Non-asymptotic Global Convergence Analysis of BFGS with the Armijo-Wolfe Line Search
Qiujiang Jin, Ruichen Jiang, Aryan Mokhtari
TL;DR
This work provides explicit, non-asymptotic global convergence rates for BFGS with Armijo-Wolfe line search on $\mu$-strongly convex, $L$-smooth functions, achieving a global linear rate of $\left(1 - \frac{1}{\kappa}\right)^t$ with $\kappa=\frac{L}{\mu}$, and, when the Hessian is Lipschitz, a rate independent of $\kappa$ after sufficient iterations.
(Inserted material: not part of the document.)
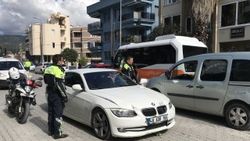Muğla'da 14 yaşındaki çocuk polis aracına çarptı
It also establishes a global non-asymptotic superlinear rate of $\mathcal{O}\left((\frac{C}{t})^t\right)$, where $C$ depends on problem size, condition number, and initialization via $B_0$. The results culminate in a global complexity characterization for BFGS with Armijo-Wolfe, and a log-bisection scheme for efficiently enforcing the line-search conditions. Together, these findings quantitatively connect initialization, line-search parameters, and problem regularity to global convergence behavior, offering practical guidance for deploying BFGS in strongly convex settings.
Abstract
In this paper, we present the first explicit and non-asymptotic global convergence rates of the BFGS method when implemented with an inexact line search scheme satisfying the Armijo-Wolfe conditions. We show that BFGS achieves a global linear convergence rate of $(1 - \frac{1}κ)^t$ for $μ$-strongly convex functions with $L$-Lipschitz gradients, where $κ= \frac{L}μ$ represents the condition number. Additionally, if the objective function's Hessian is Lipschitz, BFGS with the Armijo-Wolfe line search achieves a linear convergence rate that depends solely on the line search parameters, independent of the condition number. We also establish a global superlinear convergence rate of $\mathcal{O}((\frac{1}{t})^t)$. These global bounds are all valid for any starting point $x_0$ and any symmetric positive definite initial Hessian approximation matrix $B_0$, though the choice of $B_0$ impacts the number of iterations needed to achieve these rates. By synthesizing these results, we outline the first global complexity characterization of BFGS with the Armijo-Wolfe line search. Additionally, we clearly define a mechanism for selecting the step size to satisfy the Armijo-Wolfe conditions and characterize its overall complexity.